The NBR report sent to the Finance Ministry highlights that sectors such as cigarettes, mobile phones, fuel, automobiles, cement and banking already attract the maximum 15% VAT, contributing around 80% of total VAT revenue.
While some goods are taxed at a flat rate (specific tax), in practice, many pay less than the stipulated rate due to systemic inefficiencies.
The IMF has approved a loan of $4.7 billion to Bangladesh, contingent upon reforms in the revenue sector, including a single 15% VAT rate.
The target is to collect Tk 6.38 trillion in VAT over four years—Tk 1.21 trillion in the first year, rising to Tk 2.038 trillion by 2026.

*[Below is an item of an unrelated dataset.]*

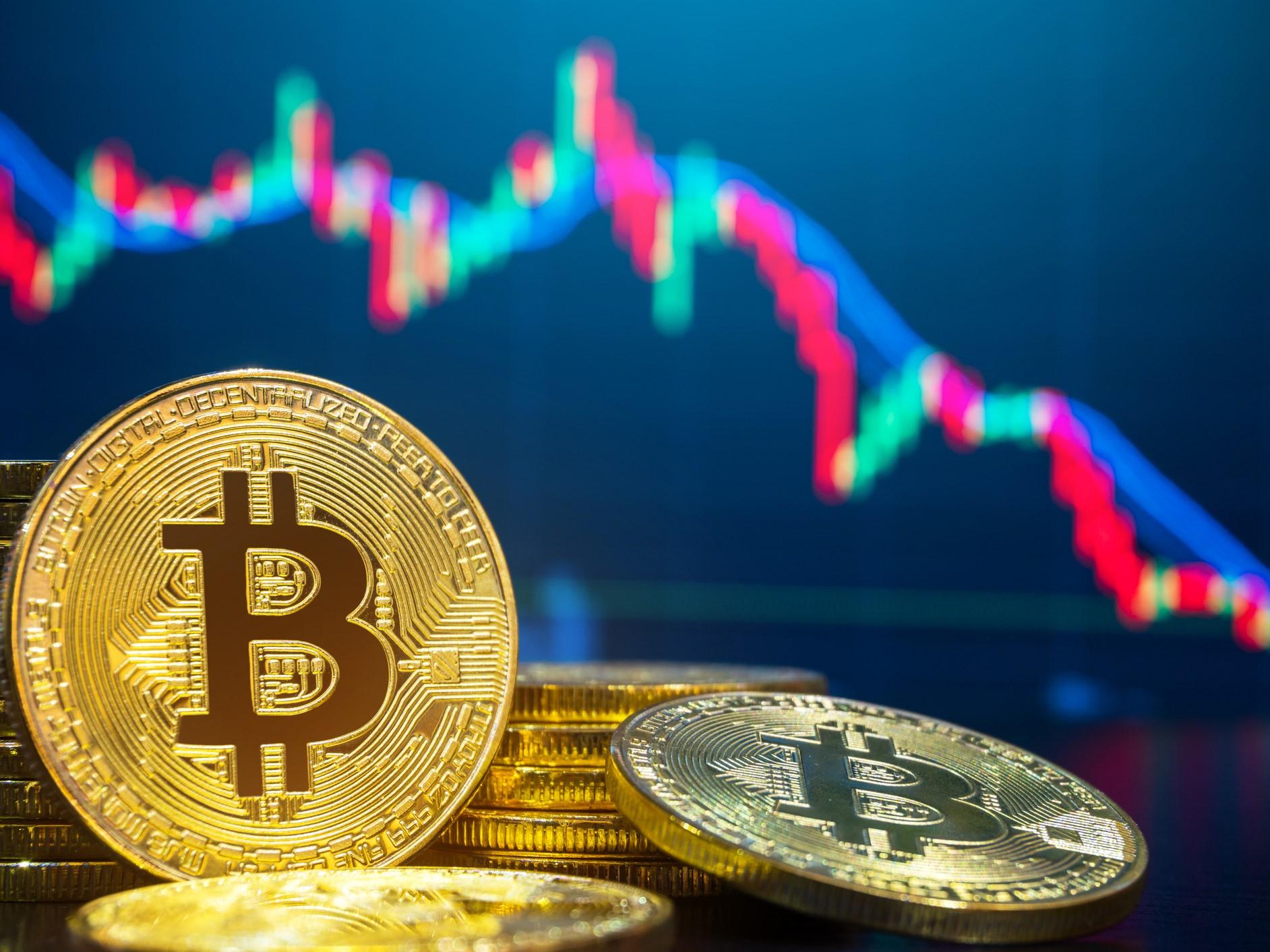 Bitcoin Dominates Portfolios as Institutional Adoption Surges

Former NBR chairman Dr Md Abdul Mazid confirmed that the IMF is exerting pressure on the revenue authority to meet these ambitious targets.
While a flat VAT rate would boost collections, he acknowledged that higher costs would fall on consumers—posing little problem for the wealthy but significant hardship for lower-income groups.
Mazid stressed that expanding the VAT net would be a more sustainable solution than increasing rates. “If coverage is broadened, collections could increase severalfold without altering the rate,” he said.
An NBR budget committee official, speaking on condition of anonymity, said that despite higher rates being in place, many businesses underreport and pay less VAT. “If a flat rate can be enforced, evasion will decrease,” the official added, admitting that previous attempts were thwarted by strong resistance from influential business groups.